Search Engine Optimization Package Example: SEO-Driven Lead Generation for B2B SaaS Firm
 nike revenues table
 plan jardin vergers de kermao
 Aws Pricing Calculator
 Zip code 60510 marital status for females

Assignment – Repeat the lines from the one containing "plan jardin vergers de kermao" through the end of the listing, exactly and without any other lines; both ends are included.

Result of the exercise –
 plan jardin vergers de kermao
 Aws Pricing Calculator
 Zip code 60510 marital status for females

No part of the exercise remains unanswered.